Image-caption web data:
=====

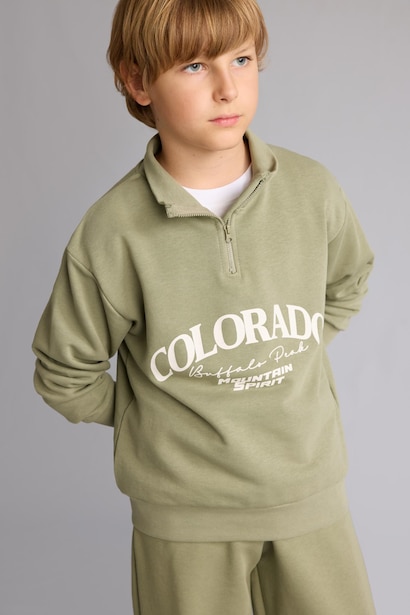 2 piece Oversize Fit High Neck Slogan Set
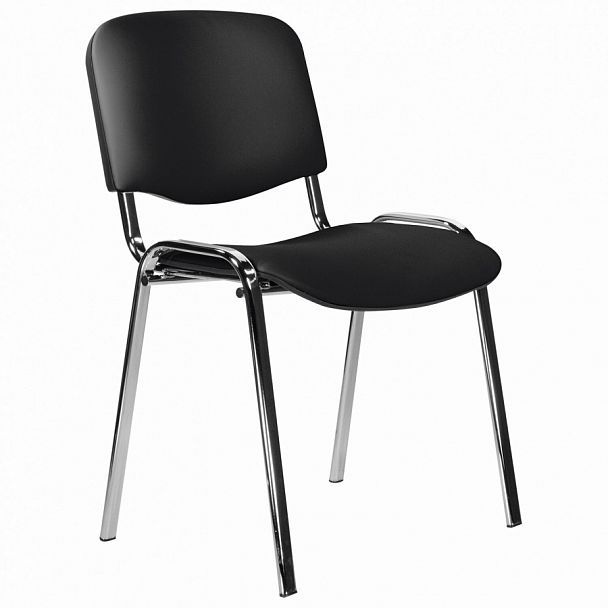 Стул STAFF "Iso Lite CF-008", хром, кожзам черный (Z-11), 532567, стопируемый - Вид 1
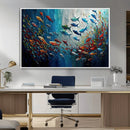 Modern Abstract Fish Shoal Wall Art Canvas Print, Colorful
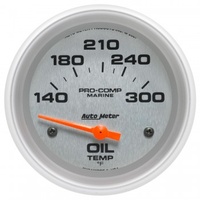 AUTOMETER GAUGE 2-5/8" OIL TEMPERATURE,140-300F,AIR-CORE,MARINE SILVER # 200765-33
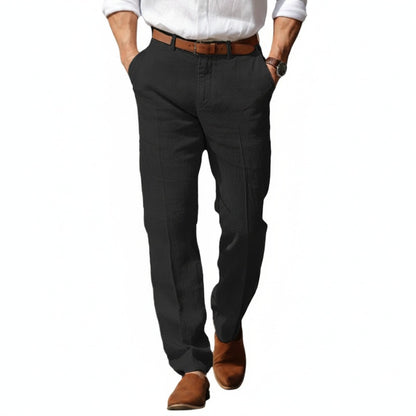 Men's Casual Straight-Leg Trousers with Side Pockets and Belt Loop Waist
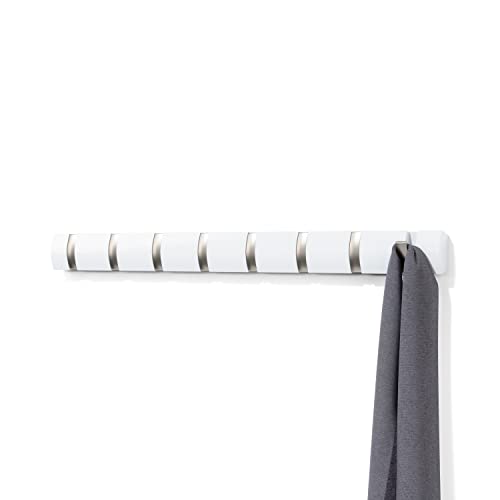 Umbra Flip Wall-Mounted Coat Rack with 8 Hooks – Modern, Space-Saving Storage for Hats, Jackets, Bags, Entryway, Mudroom, Closet, Bathroom, Bedroom – White/Nickel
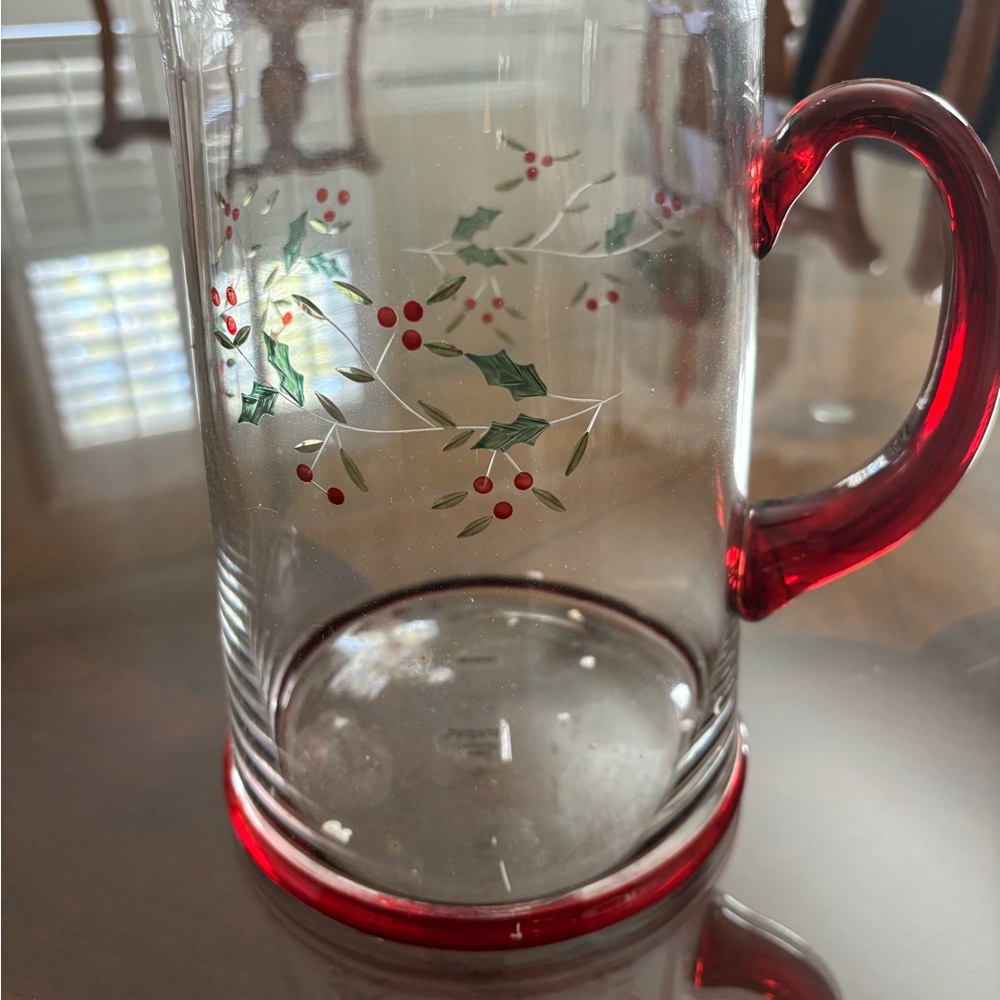 Pfaltzgraff Red and Clear Etched Glass Water Pitcher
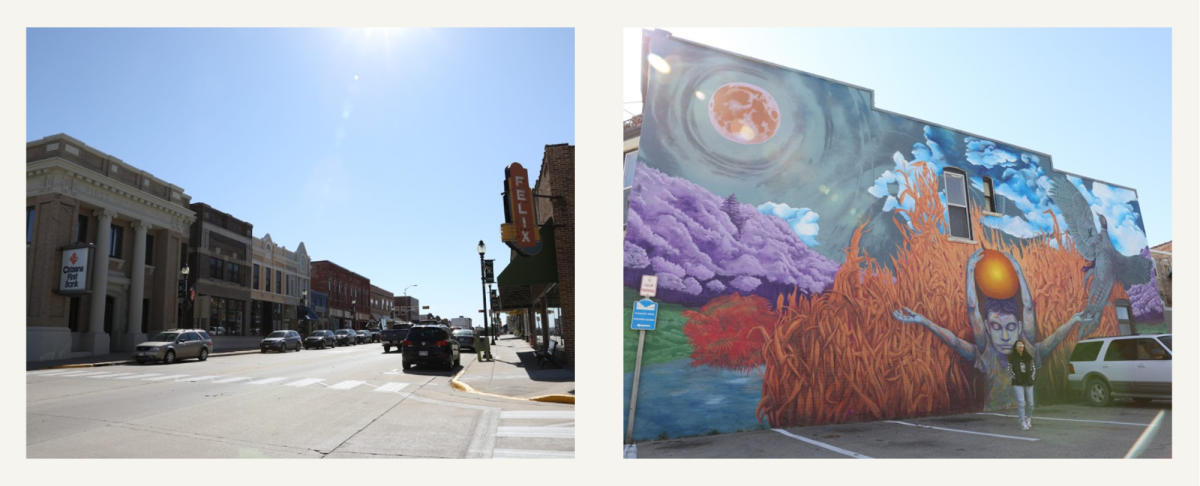 Cars Parked On The Street And A Mural In Downtown Viroqua, WI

=====

What is being asked —
Restate the data exactly, though only from the line that contains "Pfaltzgraff Red and" through its last line, both ends included and with the pictures left out.

Task solution —
 Pfaltzgraff Red and Clear Etched Glass Water Pitcher
 Cars Parked On The Street And A Mural In Downtown Viroqua, WI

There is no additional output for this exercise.